Maggie stepped down from the train and, having no luggage to carry, set off in haste. For the length of the train ride back to Johnstown she had thought only of Jake and how she would find him. It had happened so fast that she couldn't be sure. She could only hope and search.
She went to the registry, but his name was not there. She banished disappointed thoughts and forced herself to believe that he had not had a chance to sign the list yet. But he would have arrived here by now.
The day wore on as methodically she went from one place to the next. By the time Maggie walked out of the last hospital, she had been to the Catholic Church, the remains of the O'Neill house, the morgues and the relief stations. She had walked through communities of lean-to shanties that had sprung up since the flood had abated.
She saw library patrons and friends from church. She talked to men who had worked with Jake. No one had seen him. No one could help her. They had children to feed, lives to salvage, and little to offer but simply spoken sorrow. With each shake of the head and each negative answer, her doubts festered until she began to wonder if she had seen him at all. The train had passed by so quickly. She'd caught only a glimpse. It could have been someone who merely resembled Jake. Had she wanted to see him so much that she had imagined him? If only she could imagine him now. All around her were people who had lost their loved ones. What made her think she should be more fortunate? What had she ever done to deserve such a blessing?
The afternoon sun hovered on the horizon. All feelings of comfort and safety must have dwelt within the walls that were no longer standing, for her loneliness seemed as vast and unimpeded as the landscape around her. Only the mountains remained to wall in her grief.
The sun was halfway behind the mountain. Before her was a pile of bricks and mud-caked books, and her heart sank. She approached the closest thing to home that still remained. In the crumbled shell of the library building, she knelt to touch the spine of a book. The leather and leaves were soaked in mud and stuck together. As she rubbed away mud from the pages of the book, at last the tears came. Eyes that had been dry for days were finally washed with tears that, once begun, could not be stopped. She sank to her knees and wept. She wept for the sights and sounds that haunted her dreams, and she wept for the dreams that lay dead in her heart.
Chapter 28
Lost without Maggie, Jake wandered along planks and piles of bricks and splintered wood, and looked for memories.
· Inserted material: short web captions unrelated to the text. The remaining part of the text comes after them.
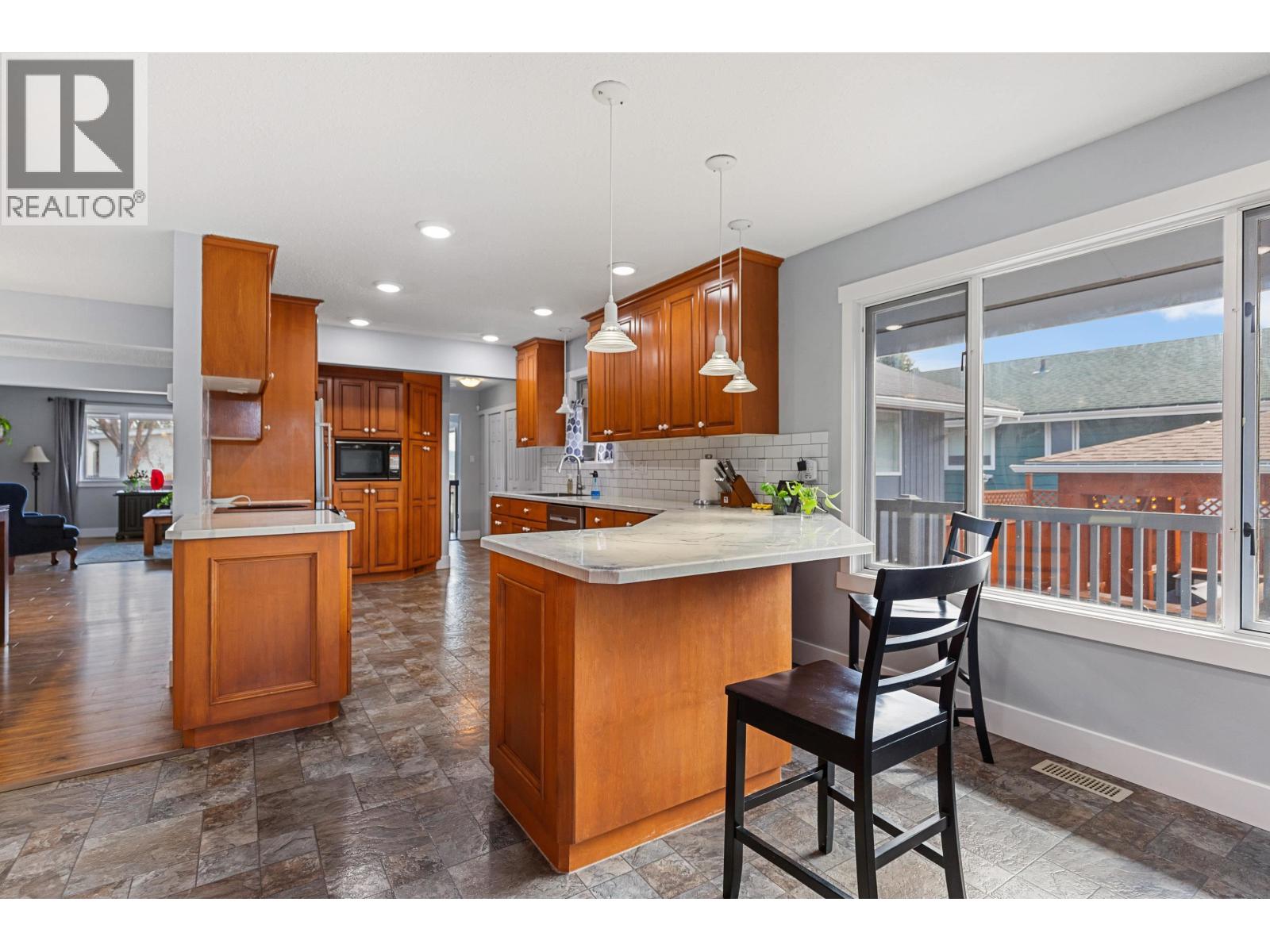 Photo 10 of 40 — 1957 HARPER DRIVE · Prince George, BC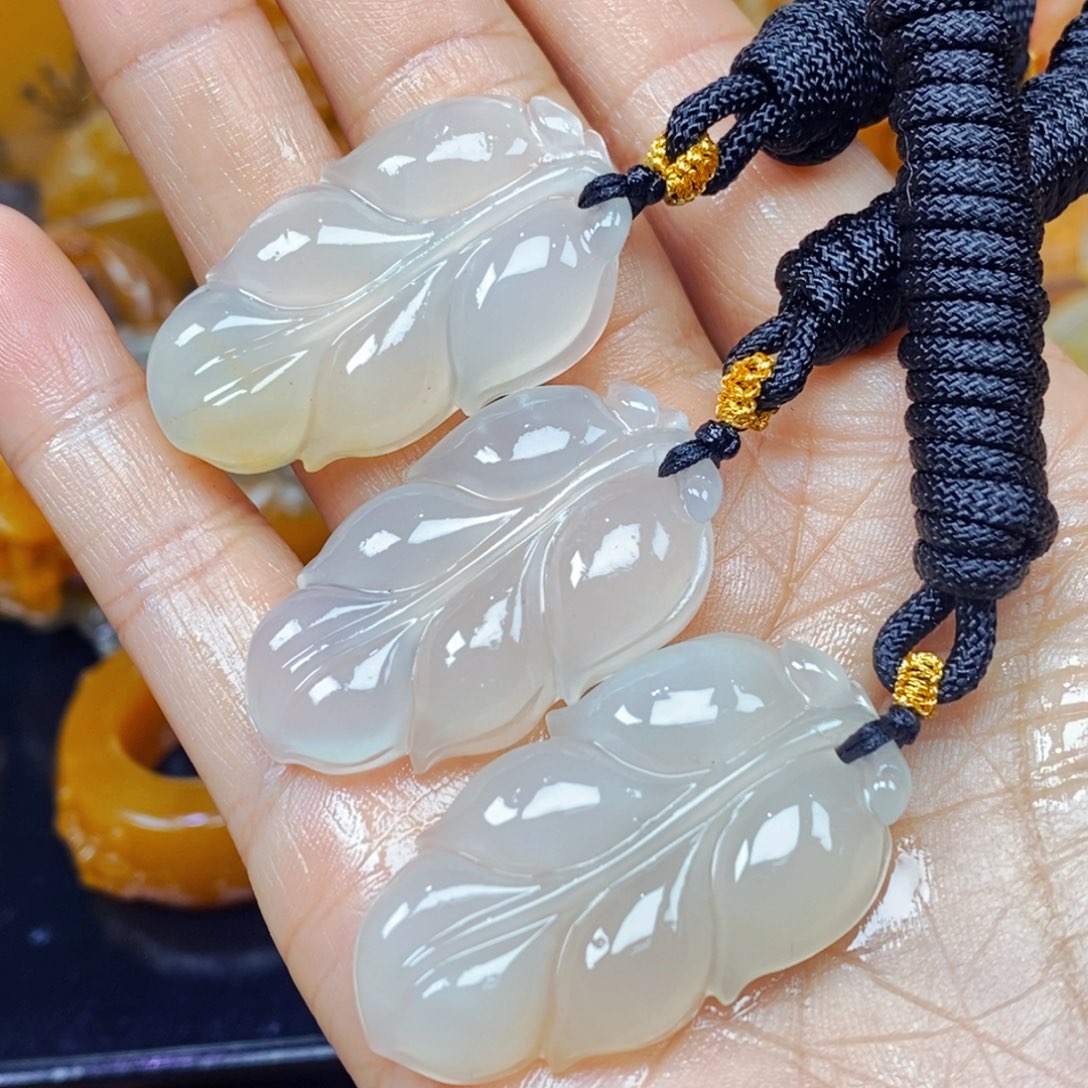 未镶嵌石英质玉（黄龙玉）颈饰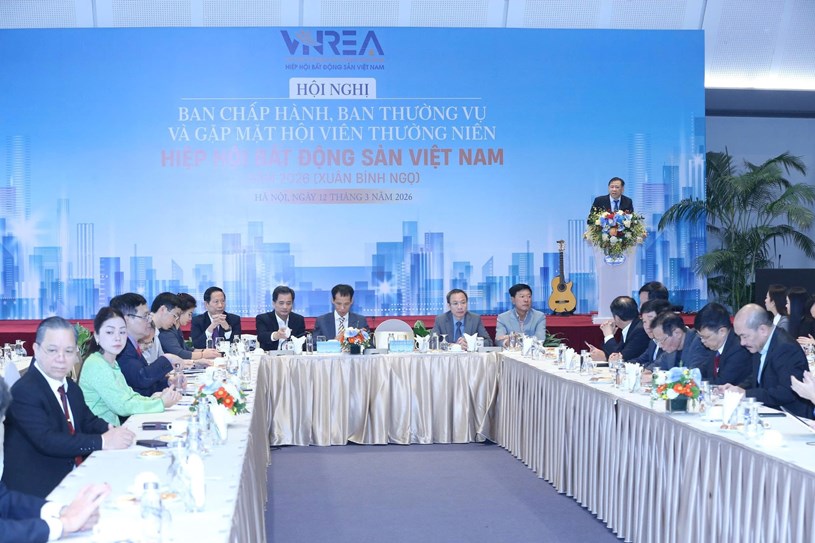 Quang cảnh Hội nghị Ban Thường vụ - Ban Chấp h&agrave;nh v&agrave; Gặp mặt hội vi&ecirc;n thường ni&ecirc;n năm 2026 do Hiệp hội Bất động sản Việt Nam (VNREA) tổ chức s&aacute;ng 12/3.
He tried to recall her that day in the library, how her hair felt so soft and her skin was so warm. How he'd wanted to taste her and feel her beneath him. They made love behind the library desk. Reckless and laughing, they owned the world in the way only lovers do. Then the laughter dissolved as they lay in each other's arms and vowed to be together always. Always turned out to be days.
Someone was crying. It had become too familiar a sound. But it hindered his thoughts, the unwelcome intruder. He had no more room for sorrow. He turned and started to walk away, but the weeping went with him. He looked back through the smoky dusk and regarded the woman who wept alone softly. Wrapped in a thin paisley shawl she looked forlorn. This was no place to be with night falling and no streetlights to light her way home over unsteady debris. There were hazards about. Who could say whether strangers lurked near, or which souls half mad with grief might do her harm? He could not leave her here. He had to help her back to one of the camps.
He walked back toward the woman and circled around to face her, staying far enough away so he would not frighten her. She lifted her head from her hands and Jake stopped. His voice caught in his throat. "Maggie?"
A thin cry escaped as she tried to stand, and faltered.
Jake ran and caught her with one arm around her waist. "Maggie."
She threw her arms about him and held him so tightly his broken ribs hurt, but he did not care.
When she heard an involuntary moan, she said, "Are you hurt?"
"Just my ribs. It's nothing."
With a sympathetic look for his ribs, she let go and instead held his face in her trembling hands. She tried not to cry, but failed.
He pulled her forehead to his lips and kissed her skin and hair and held her again.
"Maggie." He could not hold her close enough, or feel enough of her warmth against him.
She clung and spoke softly into his neck. "I've imagined you so many times, I was afraid I'd conjured you."
"I'm here, darlin'."
For a long time they held one other, unwilling to let go. They were together again, but the darkness was falling. They had to find shelter and safety for the night. Jake took Maggie's hand and the two walked toward the closest shelter.
"Oh Jake, I'm so ashamed," she whispered.
"Of what?"
"So many are gone. Lives have been ruined. But all I could think of was my fear."
"Maggie, darlin'--"
"I was afraid to be lonely."
He held her closer. "I know."
Jake stopped walking and pulled Maggie close to him. Amid the shattered walls of ruined homes. Together they stood.
"Listen," said Maggie.
"What is it?"
"Shh. Listen."
Then Jake heard it, too. "What is it, a dog?"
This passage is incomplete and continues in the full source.